A disproportionate balance
Among the jobs most susceptible to AI automation, according to City Lab, are those in routine data work, such as administrative and secretarial tasks – fields where women make up 58% of the workers that are at risk, according to CityLab. This comes from a combination of the enforcement of gender roles that encourage women into these kinds of jobs and a lack of positive reinforcement in other areas of work. In other fields where hands-on work is not as easily automated, such as in the fields of engineering and technology, men still dominate the field. The development of AI comes from this area of research so there is a good likelihood that people who work within this field would not set about making themselves redundant.
Retraining to deal with changes in the workplace
The World Bank notes that gender needs to be a factor in the determination and drafting of economic policy and in this case, it is of the utmost importance. While there are a lot of jobs that are at risk because of the development of AI automation, there are also likely to be a lot more employable positions opening up in other areas of the field of AI. Forbes makes mention of 58 million new jobs being created by 2022 because of AI, but this number reveals a massive difference between the number of people who are likely to be made redundant and the number of new jobs that will be available for suitably qualified individuals. For a worker that is dependent on a position that can be easily automated, this could spell disaster. However, being retrenched because of automation does not mean the end of the line. In some cases, it could mean a push for a new beginning.

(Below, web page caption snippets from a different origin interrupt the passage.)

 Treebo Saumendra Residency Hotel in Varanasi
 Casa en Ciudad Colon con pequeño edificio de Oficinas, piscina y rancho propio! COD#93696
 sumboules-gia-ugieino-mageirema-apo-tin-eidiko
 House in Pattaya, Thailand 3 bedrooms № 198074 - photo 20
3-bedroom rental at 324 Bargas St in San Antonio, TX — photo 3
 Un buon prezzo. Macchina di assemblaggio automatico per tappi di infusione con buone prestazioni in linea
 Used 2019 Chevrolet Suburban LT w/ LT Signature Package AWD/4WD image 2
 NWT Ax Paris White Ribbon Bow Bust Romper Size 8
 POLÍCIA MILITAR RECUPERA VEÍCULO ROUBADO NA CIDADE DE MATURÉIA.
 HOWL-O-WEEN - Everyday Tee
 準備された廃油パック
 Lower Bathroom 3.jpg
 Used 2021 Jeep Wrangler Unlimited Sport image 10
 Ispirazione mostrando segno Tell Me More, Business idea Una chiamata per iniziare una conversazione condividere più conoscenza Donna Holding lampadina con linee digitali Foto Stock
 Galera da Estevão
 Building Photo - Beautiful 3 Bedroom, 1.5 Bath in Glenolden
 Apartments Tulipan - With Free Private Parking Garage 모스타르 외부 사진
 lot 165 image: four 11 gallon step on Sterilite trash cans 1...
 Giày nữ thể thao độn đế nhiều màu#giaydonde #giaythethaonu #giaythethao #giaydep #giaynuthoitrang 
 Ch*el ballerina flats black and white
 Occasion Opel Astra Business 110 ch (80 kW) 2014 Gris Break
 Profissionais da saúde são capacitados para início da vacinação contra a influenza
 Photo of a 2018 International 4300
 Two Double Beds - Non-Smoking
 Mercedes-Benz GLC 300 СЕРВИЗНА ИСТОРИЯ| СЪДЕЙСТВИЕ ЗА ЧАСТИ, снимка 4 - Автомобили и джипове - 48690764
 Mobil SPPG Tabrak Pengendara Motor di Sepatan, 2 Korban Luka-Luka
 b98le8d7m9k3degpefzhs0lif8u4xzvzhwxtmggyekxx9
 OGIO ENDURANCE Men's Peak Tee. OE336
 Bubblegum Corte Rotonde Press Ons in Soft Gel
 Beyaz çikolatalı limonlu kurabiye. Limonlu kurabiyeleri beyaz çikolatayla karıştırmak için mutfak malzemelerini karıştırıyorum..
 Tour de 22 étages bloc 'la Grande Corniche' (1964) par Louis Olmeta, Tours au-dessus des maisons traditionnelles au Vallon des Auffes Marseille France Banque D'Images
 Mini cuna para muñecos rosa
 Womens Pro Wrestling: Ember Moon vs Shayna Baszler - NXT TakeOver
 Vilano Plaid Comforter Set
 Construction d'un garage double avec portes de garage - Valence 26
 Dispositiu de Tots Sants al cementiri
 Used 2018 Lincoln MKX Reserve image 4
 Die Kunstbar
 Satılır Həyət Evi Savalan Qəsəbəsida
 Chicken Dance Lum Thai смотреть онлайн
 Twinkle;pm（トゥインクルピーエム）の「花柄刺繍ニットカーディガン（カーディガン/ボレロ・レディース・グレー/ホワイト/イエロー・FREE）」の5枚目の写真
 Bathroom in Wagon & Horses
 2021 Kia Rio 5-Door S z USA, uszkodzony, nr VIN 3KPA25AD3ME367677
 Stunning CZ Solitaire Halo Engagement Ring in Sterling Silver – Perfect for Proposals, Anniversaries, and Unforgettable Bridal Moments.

While in the past it could be a safe bet that a routine data job would remain throughout one's lifetime, the age of AI and digital innovation has made that assumption erroneous. McKinsey says that two-thirds of a sample of 300 executives states that addressing the skill gaps that exist between their workers' current designations and jobs that cater to automation/digitization as among their top ten priorities. The result is that workers have the option of waiting for their employers to reskill them or taking the initiative and reskilling themselves.
Closing the gender employment gaps
While the figures suggest women are likely to be affected far more negatively by AI than men, the Financial Times suggests that some fields where women form the majority of workers, such as those where high emotional intelligence is required, may become more valued – and thus more valuable.
Still, there remains the issue of the gender inequality among AI professionals. According to the World Economic Forum, only 22% of professionals working in AI development are women, which highlights a concern that AI might reinforce a digital society that is built for men by men. How far women are negatively affected by AI may depend on how strong an attempt is made to reduce this imbalance.
Another McKinsey study indicates a positive correlation between gender diversity in workforces and financial performance, which may increase the demand for women in AI development. While in the short term, women might suffer from AI technology, it has the potential to level the playing field within the industry and without in the long run.